Where mind matters

Scientists establish that the mind plays a vital role in helping the body fight disease

 
Published: Friday 15 August 1997

 State of mind: hormonal chang traditional systems of healing have always recognised that one's 'state-of-mind' has a strong bearing on issues of well-being and disease. Modern medicine is now starting to recognise and accept the truth in this. Scientists from different fields of medicine, such as immunology, neurobiology, endocrino-logy, and even psychiatry, are coordinating at the National Institutes of Health, Bethesda, to establish the vital link ( Science , Vol 275, No 5302).

What drove the attention of researchers to this was the observation that pregnancy offers a relief from the symptoms of rheumatoid arthritis.

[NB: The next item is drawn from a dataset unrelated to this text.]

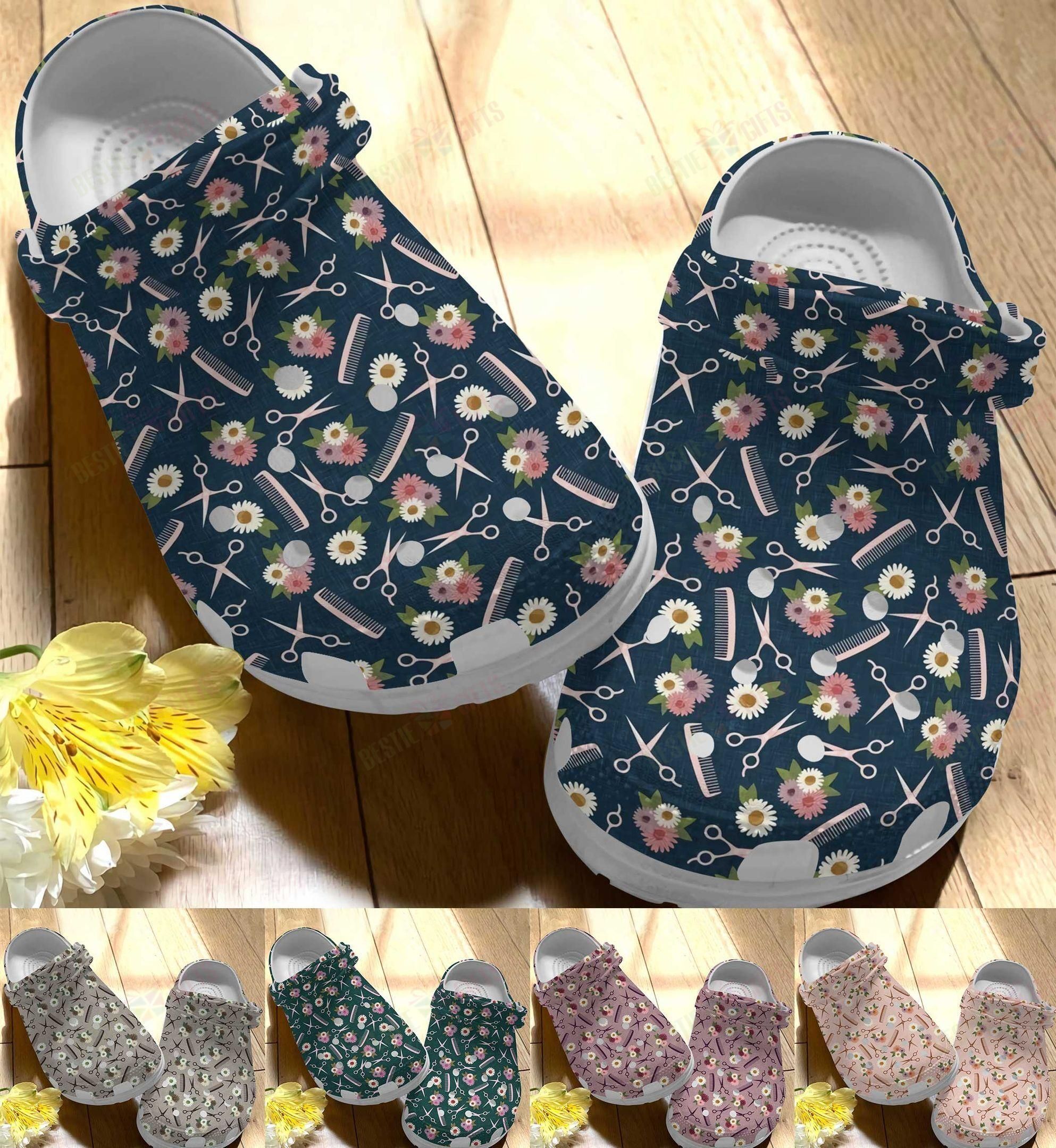 Hairstylist Crocs Clog Classic Clog Whitesole Flower Shoes Hairstylist Crocs Clog Classic Clog Whitesole Flower Shoes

Ronald Wilder and his team at the National Institute of Arthritis and Musculoskeletal and Skin Diseases, usa , say the answer lies in the interaction between the immune system, the nervous system, the hormonal system and significantly, the psyche. Increasing awareness of the extent of physical and molecular links between nerve cells and organs that mediate immune reactions (such as the spleen) is helping us to understand how mental disposition and hormonal levels influence immune reactions.

It is known that infections are first sensed by the immune system. But the reactions responsible for fever and fatigue, that accompany infection, occur only after the 'information' of an infection is conveyed to the brain. Researchers earlier believed that certain factors, including protein molecules produced by white blood cells known as interleukins, are transmitted from the immune system to the brain for a fever to result. But fevers can be induced in laboratory animals with such rapidity as to make physical transmission of the message through molecules fairly unlikely.

It is now known that immune messages are conveyed to the brain electrically. The agent responsible is the vagus nerve, that links the brain to the kidney, liver and other organs. Clusters of nerve cells, known as ganglia, stimulate the vagus nerve by releasing interleukin-1 from nearby immune cells.

The same molecular message does not have to travel all the way to the brain. As the brain can respond to such 'local' stimulation by interleukin-1 - even after the vagus nerve is cut - there have to be other nervous system pathways as well. Similar mechanisms could be involved in the response to stress and inflammation. In laboratory tests, removing a mouse to a new environment can cause an increase in interleukin-6 and lead to 'sickness behaviour'. This makes the mice listless, generally disinterested, and causes loss of appetite.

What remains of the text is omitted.